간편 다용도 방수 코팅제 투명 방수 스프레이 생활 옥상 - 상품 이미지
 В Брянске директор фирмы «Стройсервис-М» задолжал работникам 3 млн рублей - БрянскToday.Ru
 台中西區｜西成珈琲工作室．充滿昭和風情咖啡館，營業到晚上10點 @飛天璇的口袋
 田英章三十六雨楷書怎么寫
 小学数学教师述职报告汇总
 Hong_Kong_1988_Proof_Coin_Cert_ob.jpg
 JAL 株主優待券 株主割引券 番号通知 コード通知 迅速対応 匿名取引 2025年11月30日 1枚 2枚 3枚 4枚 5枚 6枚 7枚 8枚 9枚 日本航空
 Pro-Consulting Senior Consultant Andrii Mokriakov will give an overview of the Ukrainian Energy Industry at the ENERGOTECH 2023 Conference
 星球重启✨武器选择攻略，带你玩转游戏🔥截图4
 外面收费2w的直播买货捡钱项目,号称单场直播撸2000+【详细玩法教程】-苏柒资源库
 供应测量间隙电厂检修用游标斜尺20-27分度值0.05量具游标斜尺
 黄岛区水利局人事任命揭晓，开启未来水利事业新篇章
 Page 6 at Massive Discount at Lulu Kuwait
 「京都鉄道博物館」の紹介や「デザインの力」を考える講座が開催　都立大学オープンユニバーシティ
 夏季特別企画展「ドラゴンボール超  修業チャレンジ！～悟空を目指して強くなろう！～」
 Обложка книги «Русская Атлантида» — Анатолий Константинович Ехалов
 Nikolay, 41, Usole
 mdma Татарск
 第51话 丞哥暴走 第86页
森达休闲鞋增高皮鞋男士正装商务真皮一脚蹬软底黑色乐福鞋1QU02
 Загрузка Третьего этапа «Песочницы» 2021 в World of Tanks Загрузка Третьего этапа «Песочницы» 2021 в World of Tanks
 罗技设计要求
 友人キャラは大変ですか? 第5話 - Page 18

WHAT THE EXERCISE ASKS:
Go through the data and gather every line that holds "Page".

RESULT OF THIS EXERCISE:
 Page 6 at Massive Discount at Lulu Kuwait
 友人キャラは大変ですか? 第5話 - Page 18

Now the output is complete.